Where to Learn More About and Practice Capacity Building
Capacity building is not only essential for lasting community work, it is also an important skill to have for your career. If you want to learn more about capacity building or want to have an opportunity to improve your capacity building skills, there are many opportunities on and off campus to gain practical experience in building capacity. For example, you might
- Participate in service-learning or civic engagement activities that include capacity
building with community partners as a key component.
- Work as a resident assistant in the residence hall, where you organize activities
to strengthen the living/learning community.
- Sign up for workshops or trainings in facilitation, leadership, or community organizing
that emphasize shared leadership and ways of conveying knowledge and skills to others.
- Serve on a board of an organization, on or off campus, where the group focuses on
underlying causes of issues instead of the symptoms of a community issue.
- Lead alternative spring break trips, where you focus on strengthening local organizations
more than providing free labor for projects.
- Be an active committee member in a community group, where you work to ensure smooth
leadership transitions over time.
- Serve as an intern in a nonprofit organization, government agency, or faith-based
organization, where making a long-term difference in the community is a goal.
- Work on a community-based research project, where you collaborate with the community
partner during the research and support them as they collect and analyze the data
(instead of you doing it for them).
- Join a political organization, participate in training on community organizing, and work to address a social justice issue through grassroots organizing.
Through these opportunities, you will be able to learn about and practice different elements of capacity building. Over time, you will learn how to adopt a capacity building mindset and frame opportunities for both you and your community partner to learn, grow, and change in ways that are reciprocal, generative, and sustainable in the long term.
A Video Solution
One day, at a staff meeting, the accountant gave them an ultimatum about inaccurate paperwork and showed them a short, funny video he had made about the right way to complete the forms. Everyone loved the video. Since it was always available, no one had to remember how to do the paperwork—they just had to remember where to find the video, watch it, and follow the directions.
Since the video was such a hit, Ryan thought a similar video might work for helping Riverfront staff learn the steps for uploading new content to their webpage. Alicia was thrilled with this suggestion. She had just learned how to make videos in a class on campus and was dying to try it out. Right away, she went to talk with Zoe about the possibility of a webpage update video. Zoe liked the idea and even offered to help make the video. Together, Alicia and Zoe made the web video. When they shared it at staff meeting, it was a big hit with everyone.
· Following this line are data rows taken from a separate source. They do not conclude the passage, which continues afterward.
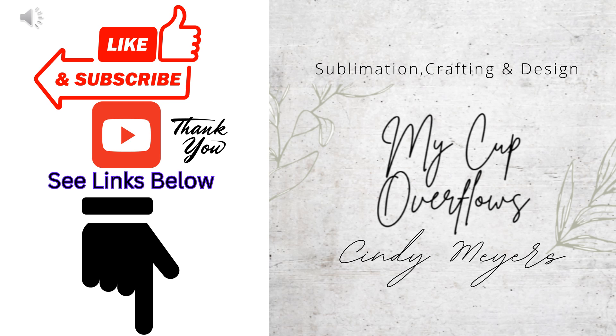Please like my video. Subscribe to my channel. See links below. And leave me a comment.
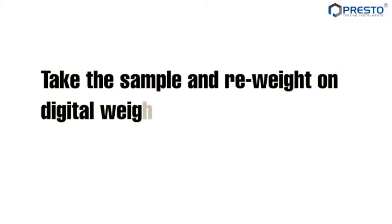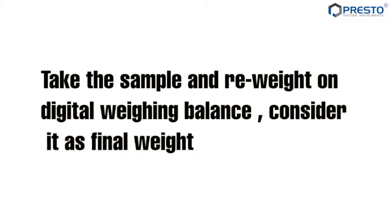Weigh the sample on a digital weighing balance and consider it as the final weight.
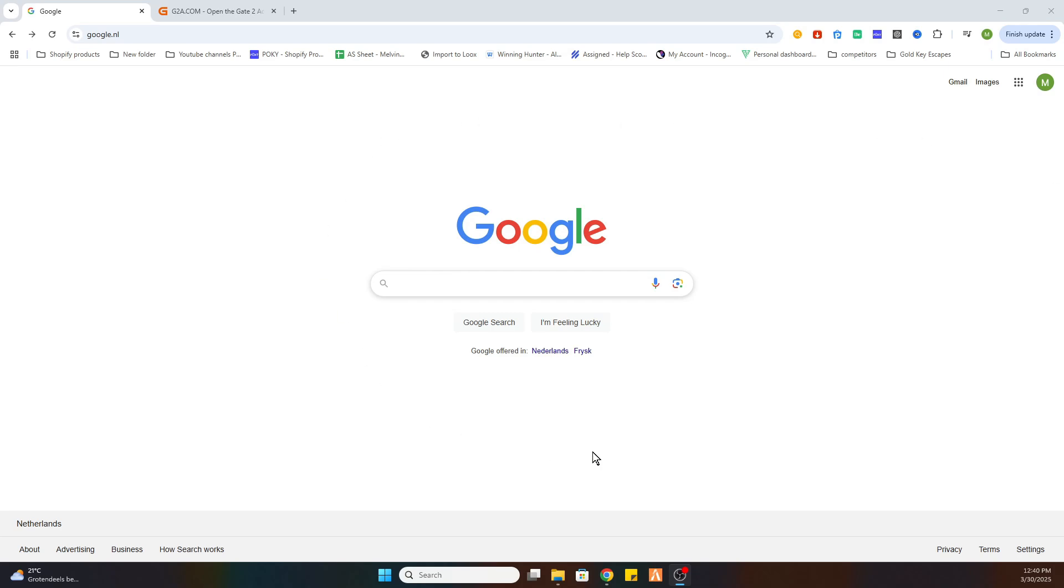So the first step is open your Google browser. Once you have done that, please like and subscribe to support us.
In her service-learning journal, Alicia wrote: It was so helpful to have talked with Ryan about the accountant's video. Ryan let me in on "how things work around here at Riverfront." On my own, I would have never thought about making a how-to video. I was thinking of some kind of cheat sheet or manual, which probably wouldn't have worked. It was so much better to build on something that was already known to be a success at Riverfront.
In the end, I was so happy to know that my webpage work at Riverfront would continue even after my service-learning placement was over. Capacity building wasn't as difficult as I thought at first. I'm so glad I made an effort to try it. Making sure my work had a lasting impact gave me a huge sense of accomplishment—more than a few new webpages ever could.
How might you tap into local knowledge to come up with successful ideas to make your
community work last beyond your service-learning placement? How might you find ways
to build capacity in addition to your service?
If you aren't quite sure where to begin, take a minute to review the nine bullet points above. Each of those items provide you with suggestions on how you can get started with capacity building.